Dad smiled as though he was delighted to be given a task he could adequately complete. I followed Mum into the kitchen, where she proceeded to start to make herself a cup of tea, despite my protest that she sit down.
“Kaiya Thompson, the day I can no longer make myself a brew, you call the doctor. Until then, sit your butt down and tell me everything.” She pointed to one of the stools, and I dutifully sat my butt down.
“What do you want to know?” I asked, watching anxiously as she moved around the kitchen. My gaze snagged on the bandage on her hand, the only outwardly visible sign of the trauma she was trying to hide.
It was as she was reaching for the kettle that Dad strode into the kitchen.
“Abso-bloody-lutely not!” he cried, striding across the kitchen, and snatching the appliance out of her hand before she’d lifted it an inch.
“Sit down, woman, and stop making yourself a nuisance!”
“I can make myself a cup, Ernest!” She protested.
“No you can’t,” he said, pointing at the stool next to me. “Your surgeon was very clear.
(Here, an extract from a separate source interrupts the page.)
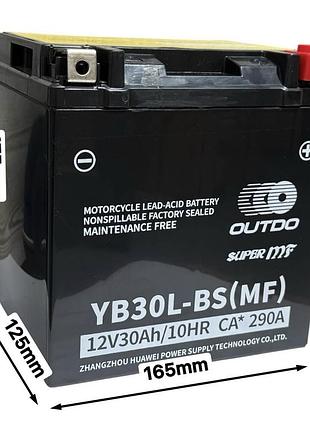 Акумулятор yb30l (mf) 12v30ah/10hr ca*290a 165‑125‑175mm. "outdo"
No, bloody lifting! Not even a kettle!”
She waved him off, but to my surprise, sat down, not quite able to hide the wince.
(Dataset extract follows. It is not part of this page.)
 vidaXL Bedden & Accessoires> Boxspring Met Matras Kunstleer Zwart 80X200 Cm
“How are you, mum?” I asked, not really expecting her to answer honestly.
She sighed, a small exhalation as we watched my dad fill the kettle.
“I’m a bit sore, love,” she admitted, taking me by surprise. “But at this stage, everyone is pretty confident. We’ll know more in the coming months.”
I opened my mouth to ask more, but she held up a hand, wincing at the movement.
“Ky, I know you want to know things, and I am glad to see you, love, but I don’t want to go into it. Not just yet.”
I nodded. Of course she didn’t. She’d just gotten home from hospital.
“This bloody thing is all I’ve been talking about for so long, and now…
” she gestured vaguely at the padded, uneven shape under her blouse.
“I just want to get on with it, because going into any detail makes it sound like I’m about to pop my clogs.
” She attempted a smile, but it looked brittle.
“I want to hear about you.” Mum reached across the counter to grasp my hand, her cool fingers wrapping around mine.
“Your dad told me some of it, but I want to hear it from you. So please, can we just pretend that you didn’t leave your entire life behind to race to my deathbed?
Can we just pretend you’ve popped home for a visit to see your old mum and dad? Please?”
She grinned as she said it, but there was a slight edge to her voice that belied the joviality of her tone. But, for her sake – and perhaps mine – I played along.
“Well, it all started in April when I decked it in front of a pop star…”
Later
I was lying in bed just going over the events of the day in my mind when my phone pinged with a message.
Seeing the name on the screen, my eyebrows rose in surprise.
Seokmin
Why did you leave? Joonhyung won’t tell us
[Sent 23:24]
Me
What did he tell you?
Seokmin
He does not want to say anything.
[Sent 23:28]
Me
I had to leave, Ace. My mum is really sick. I’m sorry I left without saying goodbye.
Seokmin
I am sorry Kaiya. I hope your eomma gets better and you come back to Korea.
[Sent 23:44]
Me
Me too
I felt the familiar burn in my eyes as I put my phone down. It hadn’t occurred to me what Jihoon might tell the others, and once again I felt awful for not thinking about how this affected him, because it did. Just in a different way.
I was here, dealing with the situation, and he was there, dealing with the fallout. Two sides of the same coin, but flipped in different worlds.